Material supplied:
┌──

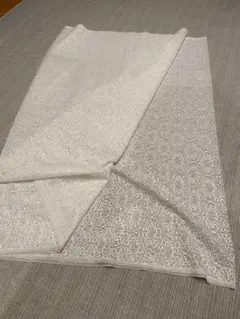 【年明け廃棄予定】ホワイトレース生地 花模様 幅広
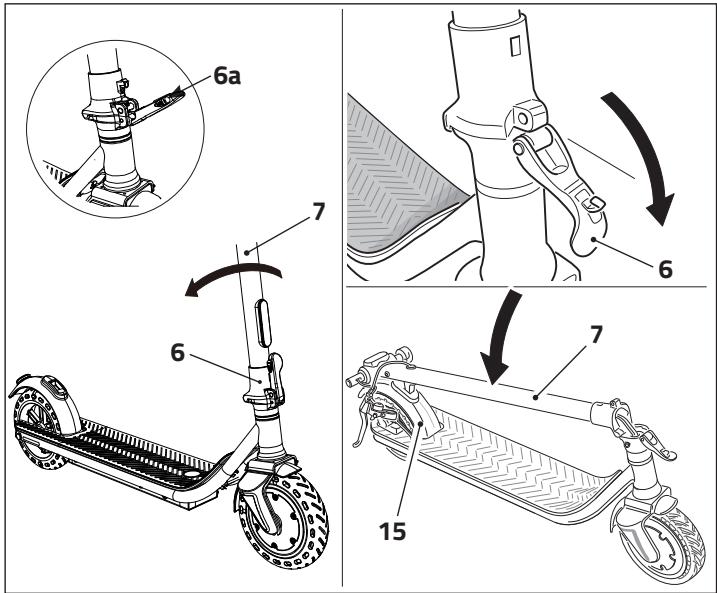 OCEAN DRIVE S9 PRO - UTILISATION DE LA TROTTINETTE - 12
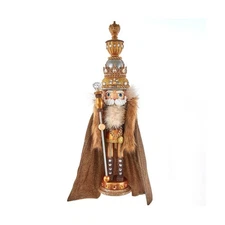 Kurt S. Adler Hollywood Nutcracker Collection, Gold King, 17.5in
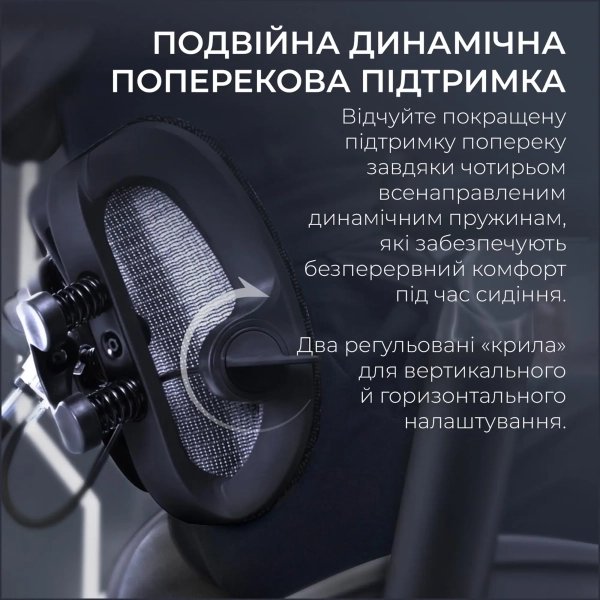 Купити Крісло офісне Sihoo DORO S300 Mesh Dark Grey (S300-M201) - фото 8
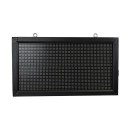 GloboStar® DISPLAY 90276 LED Scrolling Display 64x32cm - Κυλιόμενη Ψηφιακή Πινακίδα / Επιγραφή Μονής Όψης P10 LED SMD AC 220-240V - Λειτουργία μέσω Wi-Fi με Εφαρμογή APP - Αισθήτηρας Θερμοκρασίας και Υγρασίας - Αδιάβροχο IP65 - Μ72 x Π9 x Υ42.5cm - Κόκκιν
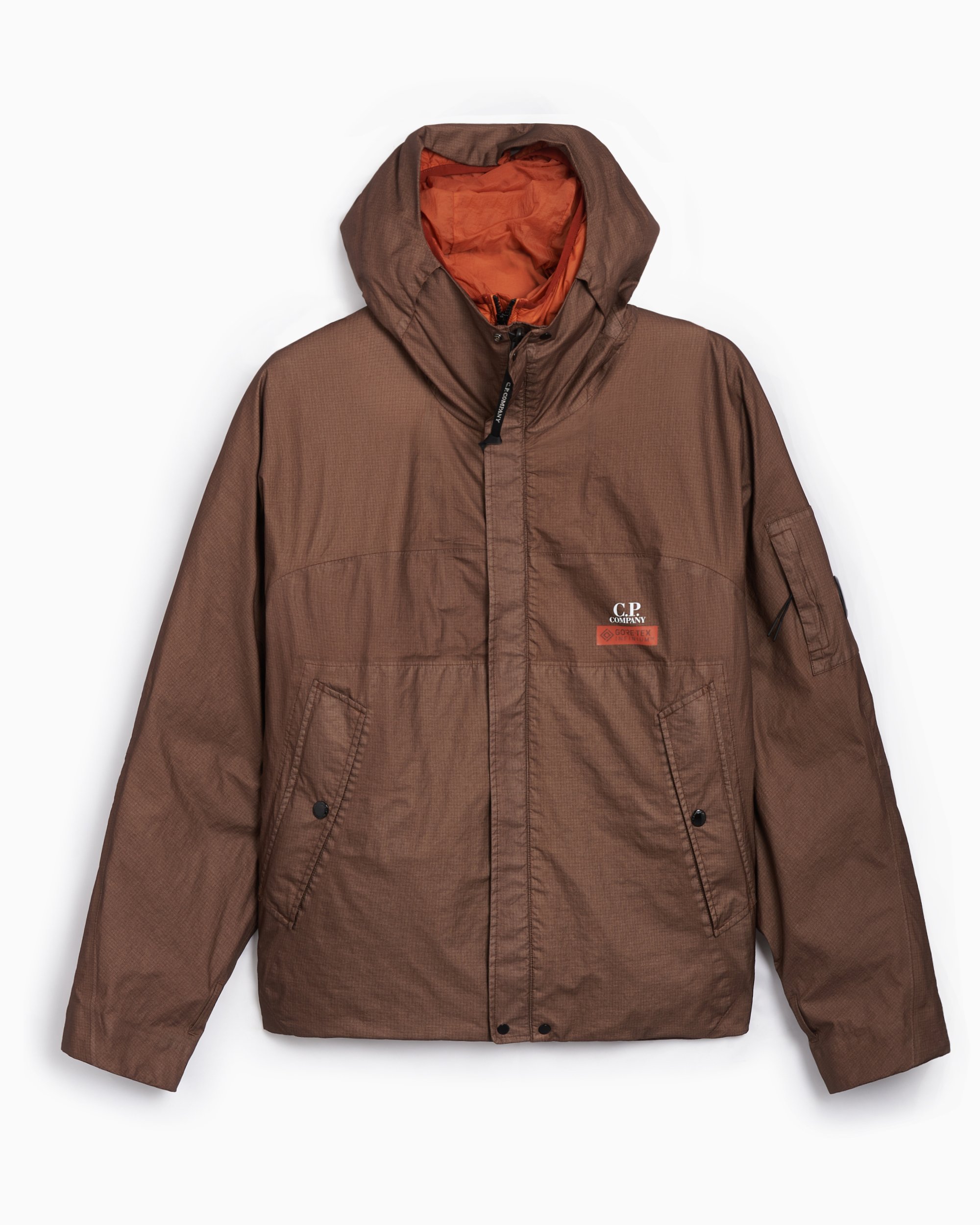 C.P. Company ダークブラウン ナイロンジャケット CP Company Gore G-Type Men's Reversible Jacket Men's Rain Jacket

└──

Task to carry out: Pictures aside, retype all of the entries word for word.

Exercise solution:
 【年明け廃棄予定】ホワイトレース生地 花模様 幅広
 OCEAN DRIVE S9 PRO - UTILISATION DE LA TROTTINETTE - 12
 Kurt S. Adler Hollywood Nutcracker Collection, Gold King, 17.5in
 Купити Крісло офісне Sihoo DORO S300 Mesh Dark Grey (S300-M201) - фото 8
 GloboStar® DISPLAY 90276 LED Scrolling Display 64x32cm - Κυλιόμενη Ψηφιακή Πινακίδα / Επιγραφή Μονής Όψης P10 LED SMD AC 220-240V - Λειτουργία μέσω Wi-Fi με Εφαρμογή APP - Αισθήτηρας Θερμοκρασίας και Υγρασίας - Αδιάβροχο IP65 - Μ72 x Π9 x Υ42.5cm - Κόκκιν
 C.P. Company ダークブラウン ナイロンジャケット CP Company Gore G-Type Men's Reversible Jacket Men's Rain Jacket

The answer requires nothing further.